== MATERIAL PROVIDED ==
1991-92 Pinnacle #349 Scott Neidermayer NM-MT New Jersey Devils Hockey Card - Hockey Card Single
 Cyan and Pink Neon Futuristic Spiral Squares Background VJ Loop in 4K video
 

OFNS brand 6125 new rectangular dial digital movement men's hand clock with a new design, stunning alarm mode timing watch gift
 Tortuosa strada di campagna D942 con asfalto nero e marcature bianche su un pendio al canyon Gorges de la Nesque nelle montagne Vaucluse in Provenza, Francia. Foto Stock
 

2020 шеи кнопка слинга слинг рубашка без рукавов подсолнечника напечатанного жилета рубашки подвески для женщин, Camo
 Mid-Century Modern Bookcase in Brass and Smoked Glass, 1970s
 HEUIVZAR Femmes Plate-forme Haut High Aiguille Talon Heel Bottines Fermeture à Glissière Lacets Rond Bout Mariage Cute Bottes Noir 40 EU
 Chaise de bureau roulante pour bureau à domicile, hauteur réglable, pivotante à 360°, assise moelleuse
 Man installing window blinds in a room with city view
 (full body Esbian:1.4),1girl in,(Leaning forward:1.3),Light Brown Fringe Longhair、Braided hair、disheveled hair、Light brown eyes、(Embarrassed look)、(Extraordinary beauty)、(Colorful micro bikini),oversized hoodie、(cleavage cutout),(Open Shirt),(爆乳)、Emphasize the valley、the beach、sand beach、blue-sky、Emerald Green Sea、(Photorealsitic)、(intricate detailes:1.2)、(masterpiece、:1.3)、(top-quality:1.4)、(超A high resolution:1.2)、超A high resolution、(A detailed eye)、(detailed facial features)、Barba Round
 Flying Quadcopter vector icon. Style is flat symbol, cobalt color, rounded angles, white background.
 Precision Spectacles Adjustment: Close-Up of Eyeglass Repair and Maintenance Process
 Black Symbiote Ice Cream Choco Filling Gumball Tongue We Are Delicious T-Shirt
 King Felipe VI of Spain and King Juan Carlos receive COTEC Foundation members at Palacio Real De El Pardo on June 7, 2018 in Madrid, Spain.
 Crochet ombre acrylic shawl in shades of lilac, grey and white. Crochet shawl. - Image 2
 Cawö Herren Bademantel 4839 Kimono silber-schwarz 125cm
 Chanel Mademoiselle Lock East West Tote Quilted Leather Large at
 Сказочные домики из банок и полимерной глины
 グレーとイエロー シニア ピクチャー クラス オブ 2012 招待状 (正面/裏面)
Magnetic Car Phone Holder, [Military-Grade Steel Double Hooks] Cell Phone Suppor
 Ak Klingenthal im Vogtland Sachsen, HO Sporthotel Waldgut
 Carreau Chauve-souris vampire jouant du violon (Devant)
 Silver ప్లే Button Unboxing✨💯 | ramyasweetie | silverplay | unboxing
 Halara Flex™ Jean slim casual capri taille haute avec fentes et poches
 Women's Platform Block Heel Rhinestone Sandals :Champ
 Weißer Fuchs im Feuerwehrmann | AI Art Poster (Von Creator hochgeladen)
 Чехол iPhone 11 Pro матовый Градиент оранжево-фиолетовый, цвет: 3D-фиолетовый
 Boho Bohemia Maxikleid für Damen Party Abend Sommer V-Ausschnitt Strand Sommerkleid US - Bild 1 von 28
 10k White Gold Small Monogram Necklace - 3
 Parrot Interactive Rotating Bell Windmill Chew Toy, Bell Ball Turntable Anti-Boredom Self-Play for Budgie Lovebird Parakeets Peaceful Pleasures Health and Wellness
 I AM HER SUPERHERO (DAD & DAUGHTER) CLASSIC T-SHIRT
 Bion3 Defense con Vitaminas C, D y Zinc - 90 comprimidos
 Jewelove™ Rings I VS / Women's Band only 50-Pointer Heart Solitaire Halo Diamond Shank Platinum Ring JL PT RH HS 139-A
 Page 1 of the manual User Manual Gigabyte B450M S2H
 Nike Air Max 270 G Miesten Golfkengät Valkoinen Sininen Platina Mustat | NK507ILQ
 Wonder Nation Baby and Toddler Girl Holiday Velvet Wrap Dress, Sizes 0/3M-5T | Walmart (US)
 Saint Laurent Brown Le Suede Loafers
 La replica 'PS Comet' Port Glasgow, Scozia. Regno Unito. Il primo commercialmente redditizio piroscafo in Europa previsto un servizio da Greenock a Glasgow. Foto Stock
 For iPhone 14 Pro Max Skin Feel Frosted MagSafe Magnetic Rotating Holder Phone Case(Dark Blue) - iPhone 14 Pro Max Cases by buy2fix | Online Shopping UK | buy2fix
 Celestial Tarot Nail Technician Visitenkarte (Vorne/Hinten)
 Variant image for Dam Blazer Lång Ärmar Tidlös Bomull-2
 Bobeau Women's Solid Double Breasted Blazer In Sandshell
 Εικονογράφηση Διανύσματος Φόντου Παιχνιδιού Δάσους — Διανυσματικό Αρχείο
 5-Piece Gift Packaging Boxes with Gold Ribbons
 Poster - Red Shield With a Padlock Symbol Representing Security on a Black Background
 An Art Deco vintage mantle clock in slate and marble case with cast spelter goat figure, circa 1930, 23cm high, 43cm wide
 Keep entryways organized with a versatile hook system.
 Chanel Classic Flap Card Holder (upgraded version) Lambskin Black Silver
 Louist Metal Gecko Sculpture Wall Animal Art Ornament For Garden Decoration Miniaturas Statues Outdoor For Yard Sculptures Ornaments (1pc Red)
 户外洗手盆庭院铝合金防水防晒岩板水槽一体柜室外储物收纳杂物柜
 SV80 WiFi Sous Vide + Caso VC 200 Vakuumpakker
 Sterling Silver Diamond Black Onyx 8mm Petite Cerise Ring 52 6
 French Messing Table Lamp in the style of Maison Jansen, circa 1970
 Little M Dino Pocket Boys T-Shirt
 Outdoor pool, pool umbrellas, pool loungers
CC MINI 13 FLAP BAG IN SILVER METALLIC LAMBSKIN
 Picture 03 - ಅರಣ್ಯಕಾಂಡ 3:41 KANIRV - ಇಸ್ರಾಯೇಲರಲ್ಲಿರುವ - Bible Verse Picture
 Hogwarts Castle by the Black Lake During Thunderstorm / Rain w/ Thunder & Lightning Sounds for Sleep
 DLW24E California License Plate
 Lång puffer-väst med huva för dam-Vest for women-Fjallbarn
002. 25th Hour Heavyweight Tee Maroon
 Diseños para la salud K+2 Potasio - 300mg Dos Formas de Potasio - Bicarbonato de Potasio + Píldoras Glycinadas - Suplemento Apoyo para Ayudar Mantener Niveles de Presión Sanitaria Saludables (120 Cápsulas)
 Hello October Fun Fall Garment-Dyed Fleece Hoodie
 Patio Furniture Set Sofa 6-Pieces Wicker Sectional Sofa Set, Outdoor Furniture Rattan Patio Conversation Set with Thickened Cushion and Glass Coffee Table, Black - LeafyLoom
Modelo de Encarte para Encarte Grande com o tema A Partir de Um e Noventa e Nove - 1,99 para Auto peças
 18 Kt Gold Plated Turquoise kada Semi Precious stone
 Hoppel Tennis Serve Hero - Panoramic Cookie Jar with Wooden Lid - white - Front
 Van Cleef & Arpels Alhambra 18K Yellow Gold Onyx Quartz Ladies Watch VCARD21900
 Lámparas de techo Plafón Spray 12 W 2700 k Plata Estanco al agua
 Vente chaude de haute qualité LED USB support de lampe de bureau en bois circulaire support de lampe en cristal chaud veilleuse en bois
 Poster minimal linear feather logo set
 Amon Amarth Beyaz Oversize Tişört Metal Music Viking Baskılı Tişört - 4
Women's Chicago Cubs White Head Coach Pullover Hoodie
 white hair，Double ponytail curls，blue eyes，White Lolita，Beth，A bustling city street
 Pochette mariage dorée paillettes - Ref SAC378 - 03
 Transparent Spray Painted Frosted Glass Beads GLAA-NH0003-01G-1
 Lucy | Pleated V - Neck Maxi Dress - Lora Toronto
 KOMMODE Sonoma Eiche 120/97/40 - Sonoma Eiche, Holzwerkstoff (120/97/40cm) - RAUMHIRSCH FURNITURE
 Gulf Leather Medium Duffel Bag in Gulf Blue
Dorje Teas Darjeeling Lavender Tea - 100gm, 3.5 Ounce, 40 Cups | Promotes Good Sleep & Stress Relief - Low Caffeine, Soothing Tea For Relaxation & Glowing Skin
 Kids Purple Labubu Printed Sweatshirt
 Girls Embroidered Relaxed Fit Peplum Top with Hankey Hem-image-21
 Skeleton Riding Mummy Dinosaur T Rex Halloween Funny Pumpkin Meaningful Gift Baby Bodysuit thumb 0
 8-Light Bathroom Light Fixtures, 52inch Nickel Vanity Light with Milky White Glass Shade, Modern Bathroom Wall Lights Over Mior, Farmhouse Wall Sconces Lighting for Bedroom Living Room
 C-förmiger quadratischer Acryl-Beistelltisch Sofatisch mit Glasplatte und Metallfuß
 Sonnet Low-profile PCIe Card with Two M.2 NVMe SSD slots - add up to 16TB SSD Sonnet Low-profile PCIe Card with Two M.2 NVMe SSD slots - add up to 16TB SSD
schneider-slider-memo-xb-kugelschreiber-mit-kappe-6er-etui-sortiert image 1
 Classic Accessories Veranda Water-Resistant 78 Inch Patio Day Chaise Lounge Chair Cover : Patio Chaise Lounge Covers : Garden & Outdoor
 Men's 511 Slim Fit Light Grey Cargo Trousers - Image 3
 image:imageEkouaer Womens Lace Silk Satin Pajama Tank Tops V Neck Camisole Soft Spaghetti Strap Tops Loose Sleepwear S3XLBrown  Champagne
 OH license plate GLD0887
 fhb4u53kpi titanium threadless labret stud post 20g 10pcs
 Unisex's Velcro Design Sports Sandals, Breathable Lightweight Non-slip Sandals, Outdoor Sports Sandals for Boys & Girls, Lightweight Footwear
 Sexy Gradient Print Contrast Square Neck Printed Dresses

== WHAT THE TASK ASKS ==
Exactly the lines above from the one with "Women's Chicago Cubs" to the one with "Skeleton Riding Mummy", both included, are to be quoted; leave the rest out.

== RESPONSE TO THE EXERCISE ==
Women's Chicago Cubs White Head Coach Pullover Hoodie
 white hair，Double ponytail curls，blue eyes，White Lolita，Beth，A bustling city street
 Pochette mariage dorée paillettes - Ref SAC378 - 03
 Transparent Spray Painted Frosted Glass Beads GLAA-NH0003-01G-1
 Lucy | Pleated V - Neck Maxi Dress - Lora Toronto
 KOMMODE Sonoma Eiche 120/97/40 - Sonoma Eiche, Holzwerkstoff (120/97/40cm) - RAUMHIRSCH FURNITURE
 Gulf Leather Medium Duffel Bag in Gulf Blue
Dorje Teas Darjeeling Lavender Tea - 100gm, 3.5 Ounce, 40 Cups | Promotes Good Sleep & Stress Relief - Low Caffeine, Soothing Tea For Relaxation & Glowing Skin
 Kids Purple Labubu Printed Sweatshirt
 Girls Embroidered Relaxed Fit Peplum Top with Hankey Hem-image-21
 Skeleton Riding Mummy Dinosaur T Rex Halloween Funny Pumpkin Meaningful Gift Baby Bodysuit thumb 0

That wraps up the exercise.